Everything from the line with "A dirt road" through the final line of the listing below must be retyped exactly, apart from the pictures.

Source data:
--------

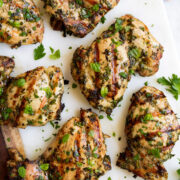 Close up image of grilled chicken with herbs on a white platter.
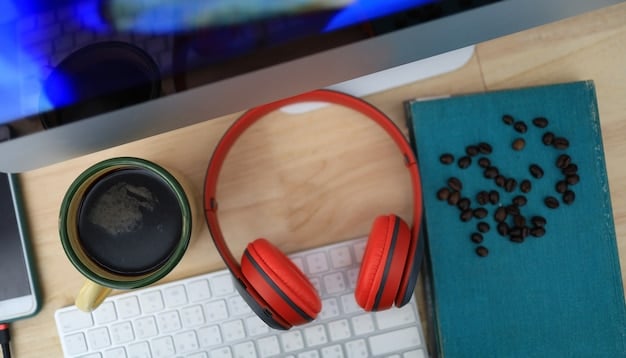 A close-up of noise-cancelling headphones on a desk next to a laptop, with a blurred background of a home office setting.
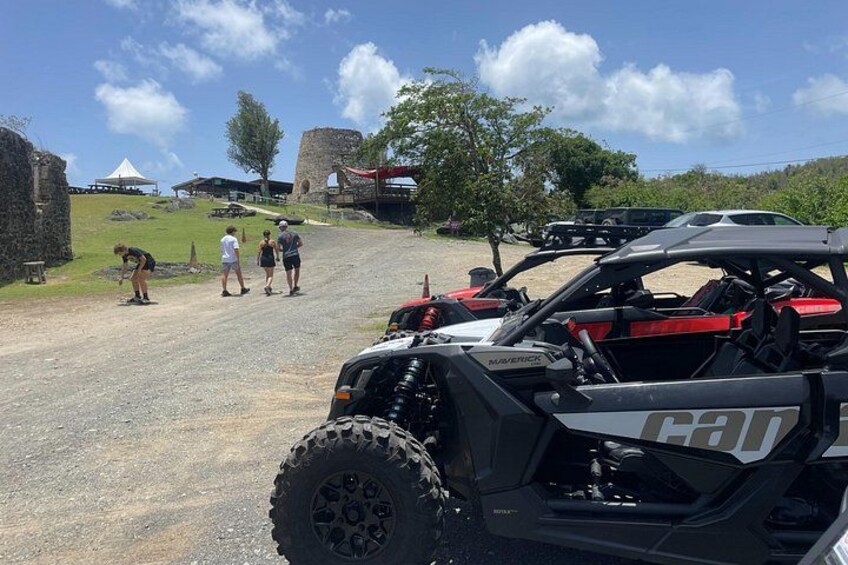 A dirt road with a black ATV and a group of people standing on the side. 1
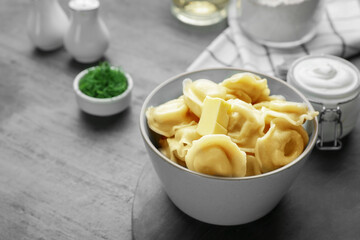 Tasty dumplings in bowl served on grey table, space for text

--------

Answer space:
 A dirt road with a black ATV and a group of people standing on the side. 1
 Tasty dumplings in bowl served on grey table, space for text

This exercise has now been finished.